What makes it worse is that it wasn't the Rangers striker's fault. Miller will run all day, but he has little control over whether he gets the ball played into him in space. Against Macedonia he sprinted into space so often that he looked as if he'd never stop, circling the home penalty area like a demented Duracell bunny in an effort to find the time and space to allow him to be brought into play. Some hope.
Against a three-man defence that should have been there for the taking for a player of Miller's pace, not once did he receive the ball facing goal in a position where he could do any damage. Indeed, Scotland were so laboured that when he did receive the ball it was with his back to goal and a mob of Macedonians in attendance. Mitreski dispossessed him twice, but he was by no means the only one as an encircled Miller coughed up possession time and again.

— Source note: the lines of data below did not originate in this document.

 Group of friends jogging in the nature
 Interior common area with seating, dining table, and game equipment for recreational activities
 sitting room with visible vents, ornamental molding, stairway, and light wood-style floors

As his memorable contribution in the recent Old Firm game showed, Miller is a player in form, a player who should have been the spearhead of Scotland's attack. Instead he started as a peripheral figure in the glare of the Skopje sun and failed to make any meaningful contribution to a game that passed him by.
Not that he didn't put himself about. He was there in the box when Darren Fletcher's header came back to him on one of the few occasions when Scotland threatened, but he ballooned the ball harmlessly behind. And he should have had a penalty after the break just seconds before James McFadden was also scythed down and received a yellow card for his protestations. But by the time Miller was replaced with 10 minutes to go, he was a shadow of the player who has scored six goals for Scotland in six starts.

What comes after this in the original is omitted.